- **Exercise**: For the entries below, print exactly the lines between the line holding "Stylish Pink and" and the line holding "LEG AVENUE - BODY OURS EN VELOURS ROSE S", inclusive, and nothing else.

- **Material to process**:
________________________________________
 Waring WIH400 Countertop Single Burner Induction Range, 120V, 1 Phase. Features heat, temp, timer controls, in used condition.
________________________________________
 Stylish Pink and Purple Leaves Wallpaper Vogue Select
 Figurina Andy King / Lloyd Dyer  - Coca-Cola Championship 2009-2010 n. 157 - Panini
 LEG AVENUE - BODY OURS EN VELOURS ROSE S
________________________________________
- **Output for this task**:
 Stylish Pink and Purple Leaves Wallpaper Vogue Select
 Figurina Andy King / Lloyd Dyer  - Coca-Cola Championship 2009-2010 n. 157 - Panini
 LEG AVENUE - BODY OURS EN VELOURS ROSE S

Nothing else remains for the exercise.